▶ _Task objective_:
Retype only the lines from the top of the records to the line with "Socialinės rizikos ( alkoholikų)", including that line but none of the pictures.

▶ _Material for this exercise_:
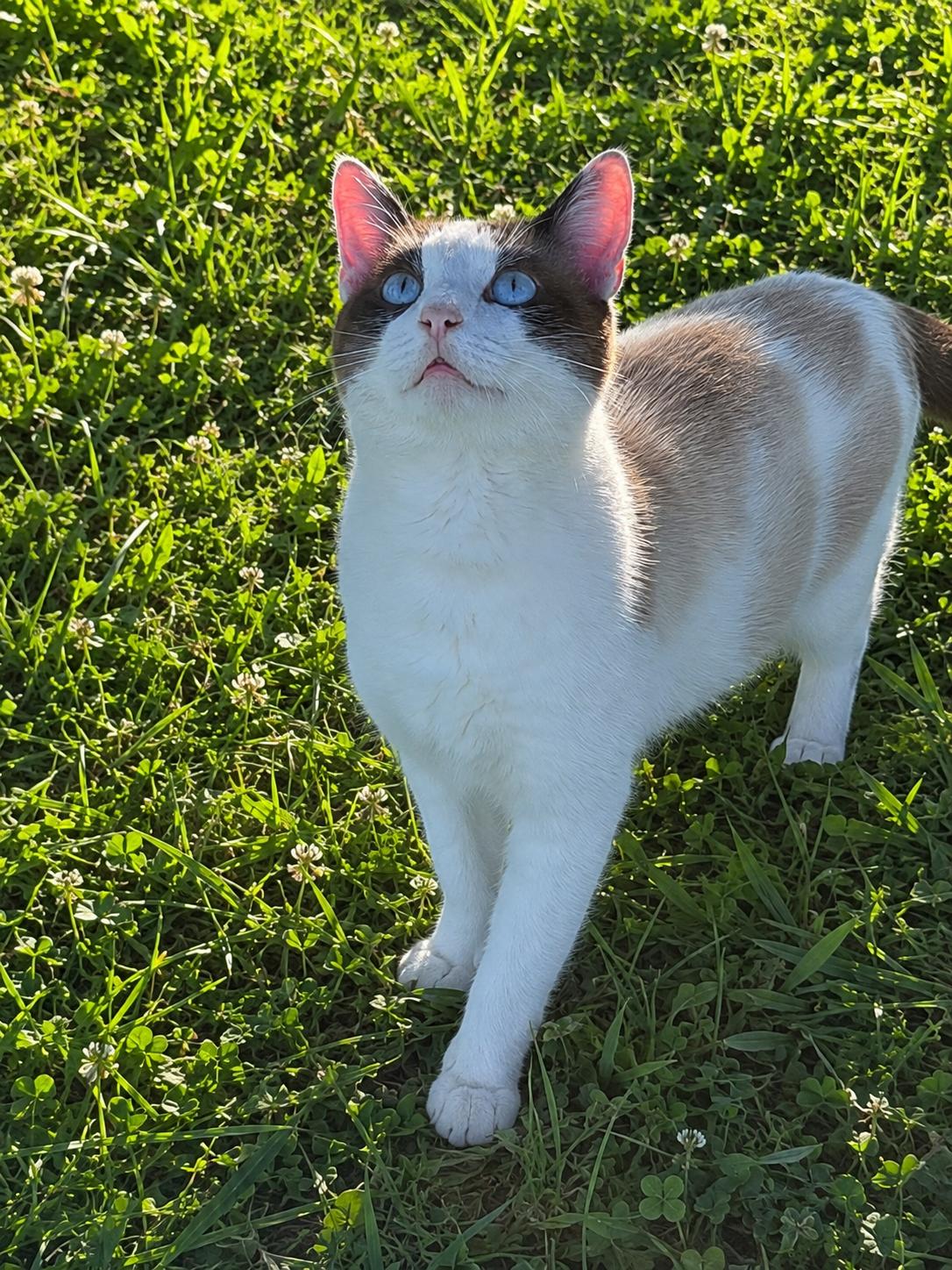 Sinatra, ADOPTABLE, Young Male Domestic Short Hair.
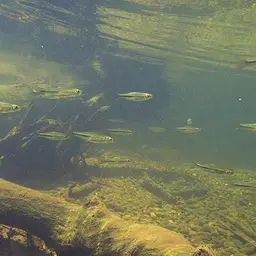 Largescaled Rasbora, photo 2
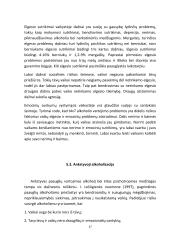 Socialinės rizikos ( alkoholikų) šeimų vaikai ir paramos jiems organizavimas: sociologinė interpretacija  16 puslapis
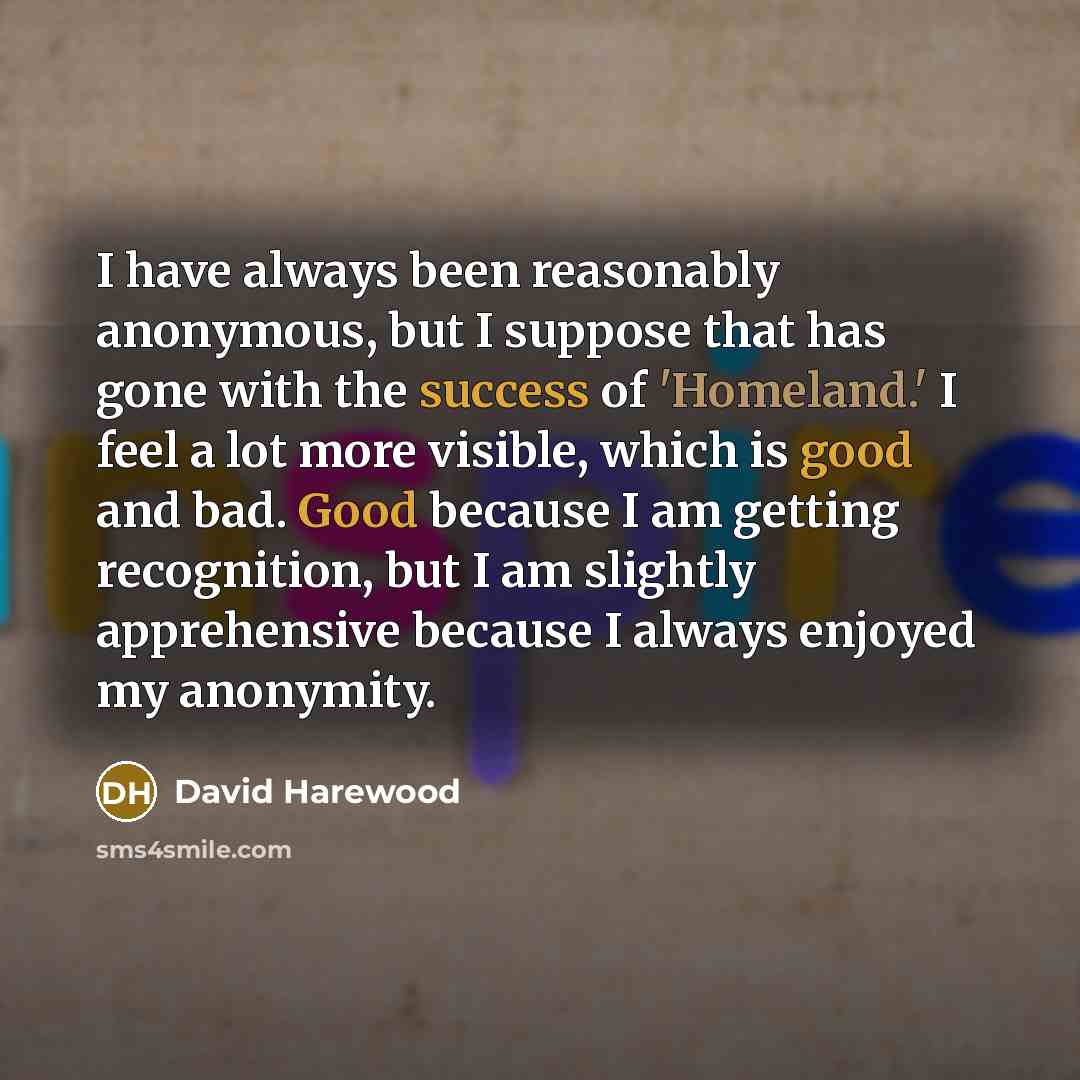 “I have always been reasonably anonymous, but I suppose that has gone with the success of 'Homeland.' I feel a lot more visible, which is good and bad. Good because I am getting recognition, but I am slightly apprehensive because I always enjoyed my anonymity.” quote by David Harewood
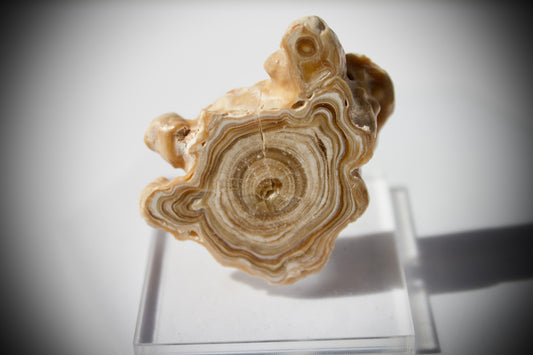Aragonite Stalactite 6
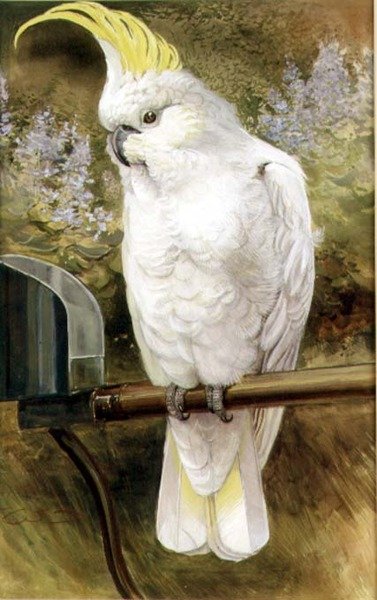 Sulphur Crested Cockatoo by Charles Whymper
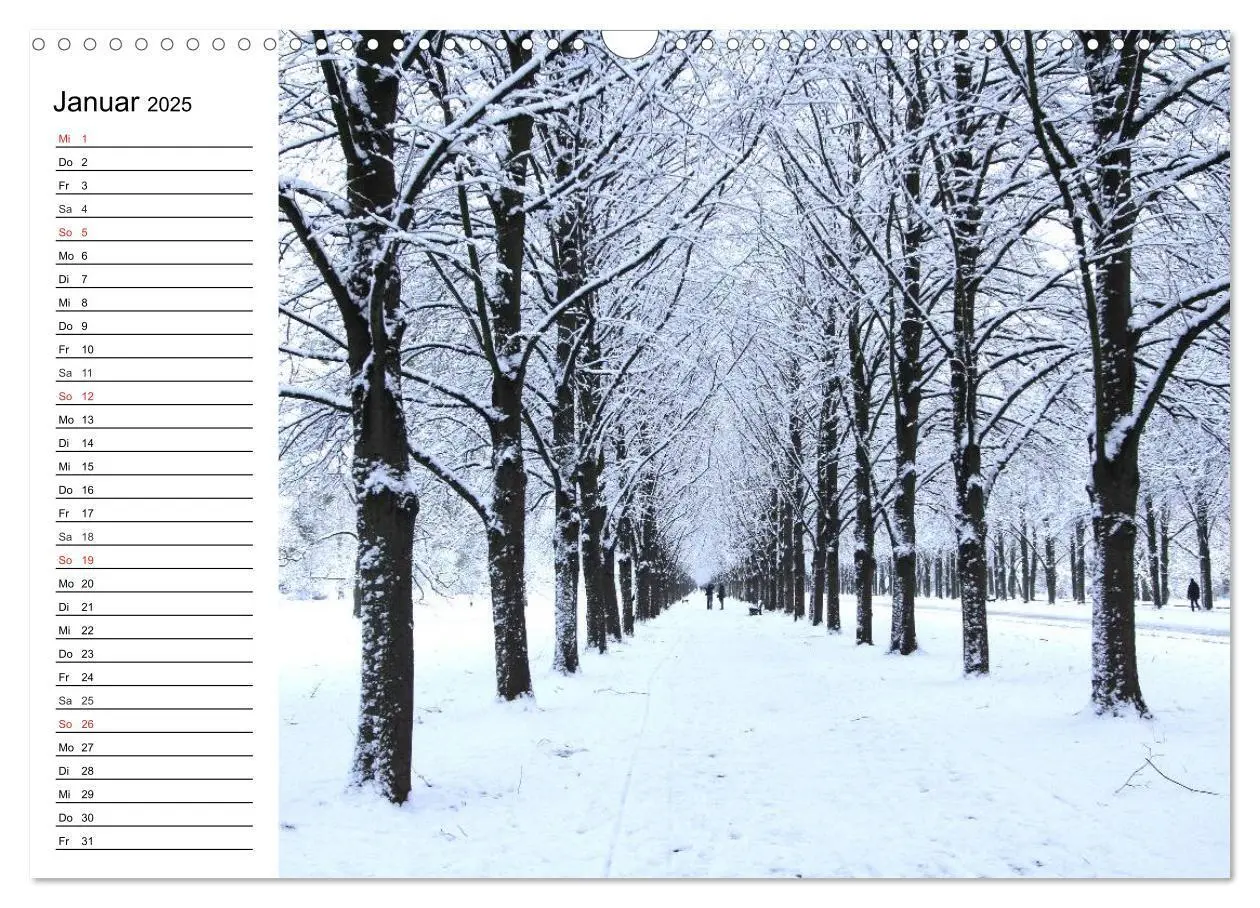 Bild: 9783435539307 | Hannover erleben (Wandkalender 2025 DIN A3 quer), CALVENDO...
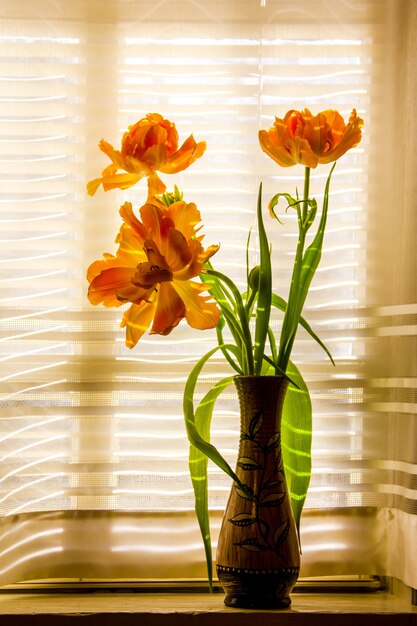 Ein Strauß gelb-orangefarbener Tulpen in einer Vase auf der Fensterbank an der Wand eines Fensters mit einem weißen Vorhang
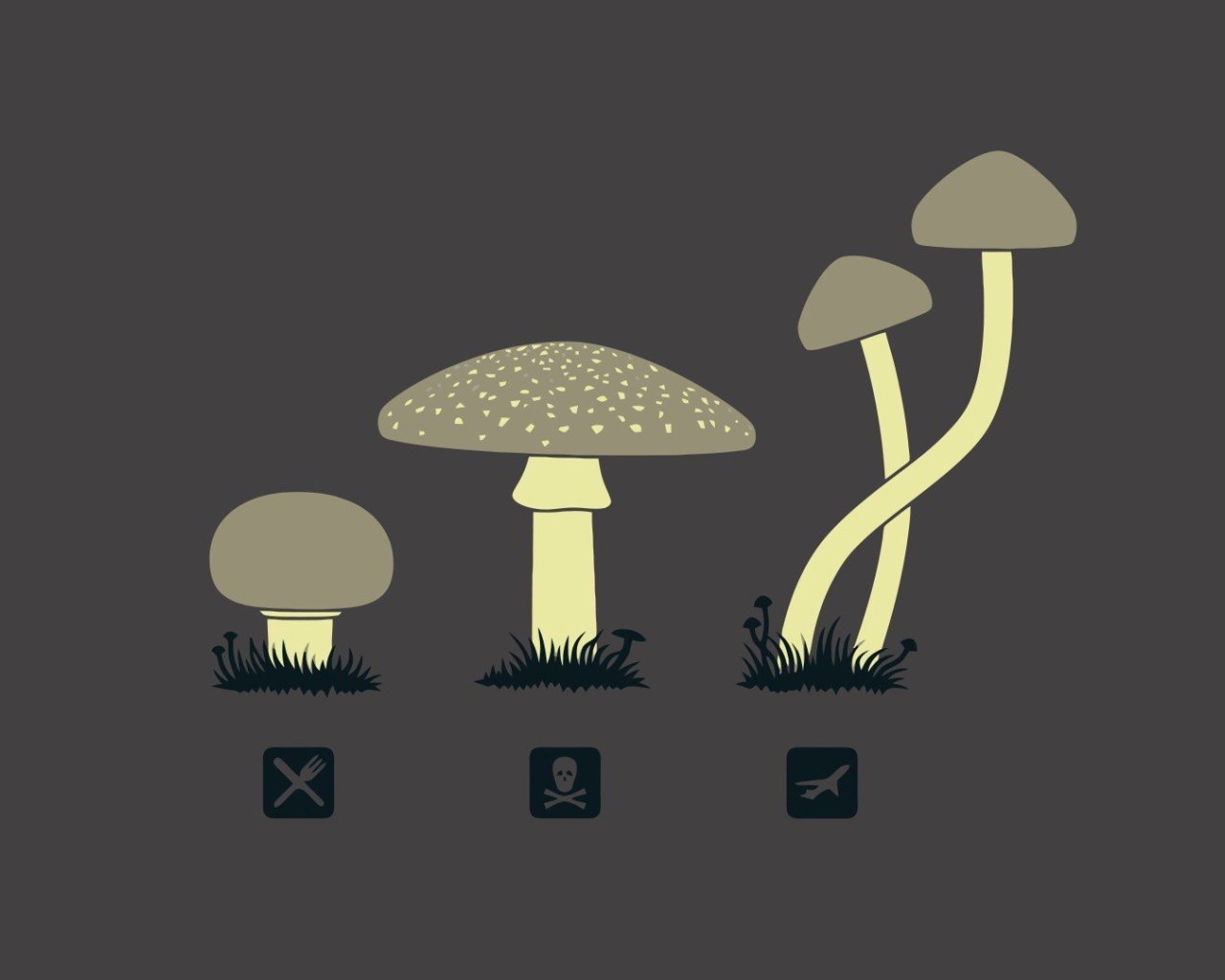 Предназначение разных грибов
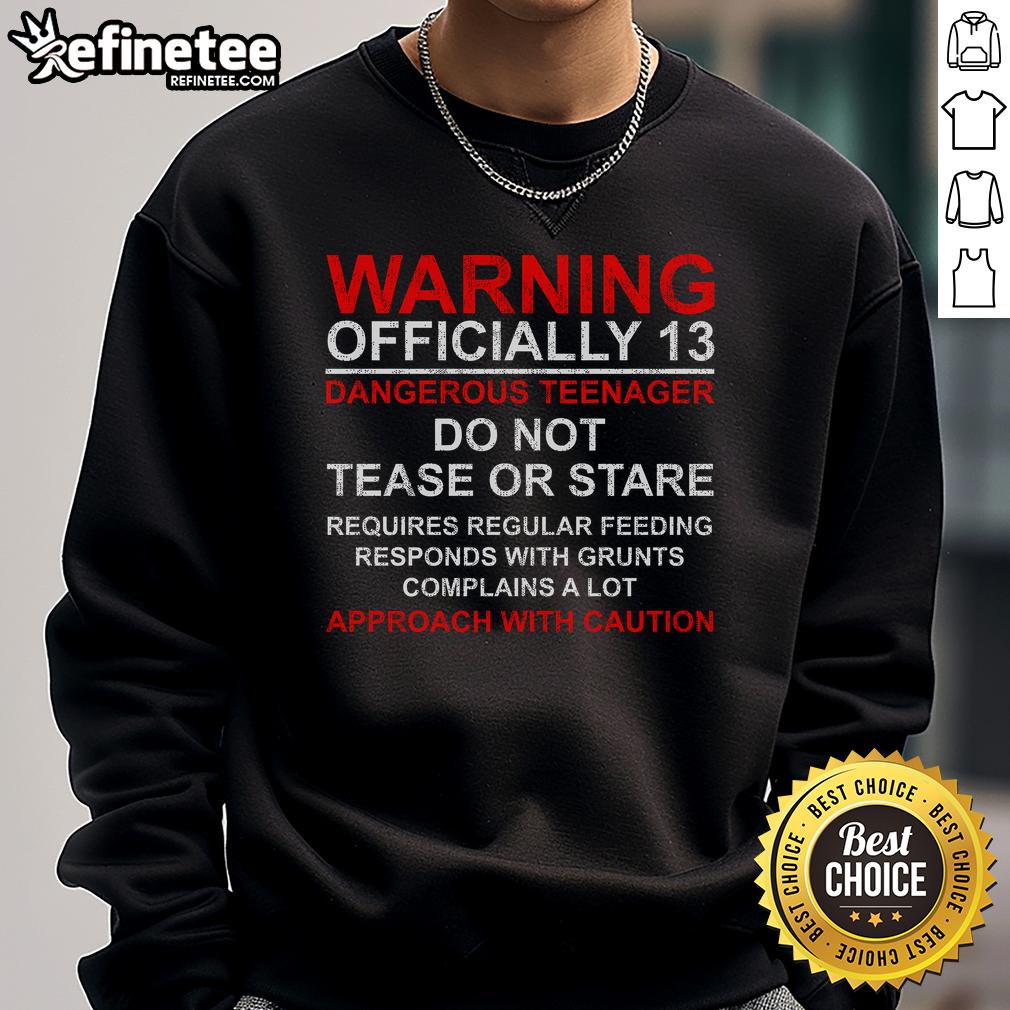 Good 13 Years Old Warning Dangerous Teenager 13Th Birthday Sweatshirt 13th birthday sweatshirt featuring 'Warning: Dangerous Teenager' design for a fun and edgy gift for 13-year-olds.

▶ _Exercise solution_:
 Sinatra, ADOPTABLE, Young Male Domestic Short Hair.
 Largescaled Rasbora, photo 2
 Socialinės rizikos ( alkoholikų) šeimų vaikai ir paramos jiems organizavimas: sociologinė interpretacija  16 puslapis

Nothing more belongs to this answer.